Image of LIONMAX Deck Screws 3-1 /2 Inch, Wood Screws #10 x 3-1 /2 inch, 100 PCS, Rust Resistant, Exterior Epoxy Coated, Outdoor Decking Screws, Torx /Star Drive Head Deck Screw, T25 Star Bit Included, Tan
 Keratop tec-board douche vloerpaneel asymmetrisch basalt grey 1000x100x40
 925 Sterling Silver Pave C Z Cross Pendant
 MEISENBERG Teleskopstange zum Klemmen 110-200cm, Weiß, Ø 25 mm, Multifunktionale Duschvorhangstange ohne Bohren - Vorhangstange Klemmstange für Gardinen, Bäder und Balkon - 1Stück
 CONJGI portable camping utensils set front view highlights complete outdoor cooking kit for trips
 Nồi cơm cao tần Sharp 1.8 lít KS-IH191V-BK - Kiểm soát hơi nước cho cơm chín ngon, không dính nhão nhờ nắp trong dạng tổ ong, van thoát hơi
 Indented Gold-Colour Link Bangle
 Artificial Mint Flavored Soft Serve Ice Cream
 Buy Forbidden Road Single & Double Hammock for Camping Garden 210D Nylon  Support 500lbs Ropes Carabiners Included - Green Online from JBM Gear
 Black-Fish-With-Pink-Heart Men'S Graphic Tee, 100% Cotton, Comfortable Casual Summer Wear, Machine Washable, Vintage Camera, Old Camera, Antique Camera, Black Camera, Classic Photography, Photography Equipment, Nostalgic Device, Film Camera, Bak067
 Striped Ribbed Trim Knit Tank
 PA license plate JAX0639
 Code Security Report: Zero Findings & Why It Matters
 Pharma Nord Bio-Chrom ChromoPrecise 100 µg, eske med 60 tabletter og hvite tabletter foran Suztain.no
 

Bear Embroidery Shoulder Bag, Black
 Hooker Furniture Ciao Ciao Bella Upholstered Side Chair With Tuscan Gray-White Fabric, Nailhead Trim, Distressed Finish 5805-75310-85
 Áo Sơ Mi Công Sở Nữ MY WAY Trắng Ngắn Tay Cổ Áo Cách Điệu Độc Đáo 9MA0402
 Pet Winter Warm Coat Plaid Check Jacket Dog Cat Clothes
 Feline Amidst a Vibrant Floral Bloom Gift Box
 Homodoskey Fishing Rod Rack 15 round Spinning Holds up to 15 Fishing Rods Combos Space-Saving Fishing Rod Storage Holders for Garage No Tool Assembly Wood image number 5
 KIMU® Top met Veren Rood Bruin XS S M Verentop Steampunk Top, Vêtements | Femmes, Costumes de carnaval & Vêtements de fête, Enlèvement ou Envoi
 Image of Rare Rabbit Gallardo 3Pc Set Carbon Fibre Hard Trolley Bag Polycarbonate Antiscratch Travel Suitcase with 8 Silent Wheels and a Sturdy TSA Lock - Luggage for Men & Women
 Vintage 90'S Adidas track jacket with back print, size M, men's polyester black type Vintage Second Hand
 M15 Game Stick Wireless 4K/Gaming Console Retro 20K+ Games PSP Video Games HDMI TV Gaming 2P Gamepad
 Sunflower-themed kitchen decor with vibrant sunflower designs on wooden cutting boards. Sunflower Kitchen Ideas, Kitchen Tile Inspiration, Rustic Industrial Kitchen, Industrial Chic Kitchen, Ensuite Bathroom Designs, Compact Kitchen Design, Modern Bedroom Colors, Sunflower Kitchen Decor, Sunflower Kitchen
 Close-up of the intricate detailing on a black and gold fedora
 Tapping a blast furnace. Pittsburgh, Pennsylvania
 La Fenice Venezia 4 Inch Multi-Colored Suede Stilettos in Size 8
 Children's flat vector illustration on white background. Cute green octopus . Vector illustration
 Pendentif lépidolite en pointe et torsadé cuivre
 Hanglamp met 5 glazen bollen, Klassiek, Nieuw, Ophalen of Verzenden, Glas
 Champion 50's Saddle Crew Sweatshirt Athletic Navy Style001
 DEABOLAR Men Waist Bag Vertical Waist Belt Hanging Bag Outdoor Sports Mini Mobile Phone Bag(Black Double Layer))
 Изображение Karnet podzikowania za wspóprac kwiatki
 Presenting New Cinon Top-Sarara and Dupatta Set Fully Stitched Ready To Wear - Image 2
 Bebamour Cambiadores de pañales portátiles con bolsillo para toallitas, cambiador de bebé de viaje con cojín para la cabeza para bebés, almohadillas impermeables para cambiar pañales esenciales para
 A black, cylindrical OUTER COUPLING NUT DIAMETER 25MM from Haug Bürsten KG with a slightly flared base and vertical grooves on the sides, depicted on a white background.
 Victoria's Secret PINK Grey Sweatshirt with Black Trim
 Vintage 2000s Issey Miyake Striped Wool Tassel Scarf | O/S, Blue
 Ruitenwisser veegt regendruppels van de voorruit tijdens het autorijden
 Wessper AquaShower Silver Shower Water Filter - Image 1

..............................

Could you return exactly the lines above from the line with "Close-up of the" to the line with "Bebamour Cambiadores de", both included, and nothing else?

### [Task result]
 Close-up of the intricate detailing on a black and gold fedora
 Tapping a blast furnace. Pittsburgh, Pennsylvania
 La Fenice Venezia 4 Inch Multi-Colored Suede Stilettos in Size 8
 Children's flat vector illustration on white background. Cute green octopus . Vector illustration
 Pendentif lépidolite en pointe et torsadé cuivre
 Hanglamp met 5 glazen bollen, Klassiek, Nieuw, Ophalen of Verzenden, Glas
 Champion 50's Saddle Crew Sweatshirt Athletic Navy Style001
 DEABOLAR Men Waist Bag Vertical Waist Belt Hanging Bag Outdoor Sports Mini Mobile Phone Bag(Black Double Layer))
 Изображение Karnet podzikowania za wspóprac kwiatki
 Presenting New Cinon Top-Sarara and Dupatta Set Fully Stitched Ready To Wear - Image 2
 Bebamour Cambiadores de pañales portátiles con bolsillo para toallitas, cambiador de bebé de viaje con cojín para la cabeza para bebés, almohadillas impermeables para cambiar pañales esenciales para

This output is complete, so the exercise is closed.